Primary Supervisor: Professor Florian Mintert
High fidelity on-chip HOM interference between separate cavity-based photon sources - Dr Jorge Barreto
This project will involve working with single-photon sources based on engineered optical cavities to maximise the visibility of inter-source HOM interference. The main aim for this project is to observe high-visibility HOM interference, beyond the 92\% that micro-racetrack (or otherwise) resonators have been bound to in the past. Once this has been achieved, the second goal will be to work through the process for encoding bell-states using two heralded single-photons, and taking measurements that could contribute to the final results.

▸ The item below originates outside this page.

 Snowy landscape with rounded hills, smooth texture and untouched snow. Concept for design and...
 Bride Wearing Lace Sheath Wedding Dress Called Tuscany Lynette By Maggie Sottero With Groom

Primary Supervisor: Dr Jorge Barreto
Evaluation of numerical tools for open quantum systems simulation - Dr Elizabeth Kendon
Understanding and quantifying the effects of noise and other open systems effects is crucial for developing practical quantum technology. Open systems models are usually impossible to solve analytically without making many approximations which limit their range of validity. And they are challenging computationally for all but small system sizes. A number of tool kits exist to tackle various open systems quantum simulations, and this project aims to evaluate one of the most recent, arXiv:2011.14046, Chen & Lidar. The took kit is written in the Julia programming language, suitable for high performance computing, and contains several master equation models, including the Redfield, the polaron transformed Redfield, and the Lindblad. A key feature is the ability to handle time-dependent Hamiltonians. The aim is to benchmark the performance of the different models using a simple test system, and assess its suitability for different experimental settings. This is a good preparation for research into open systems effects in a wide variety of settings in quantum technology.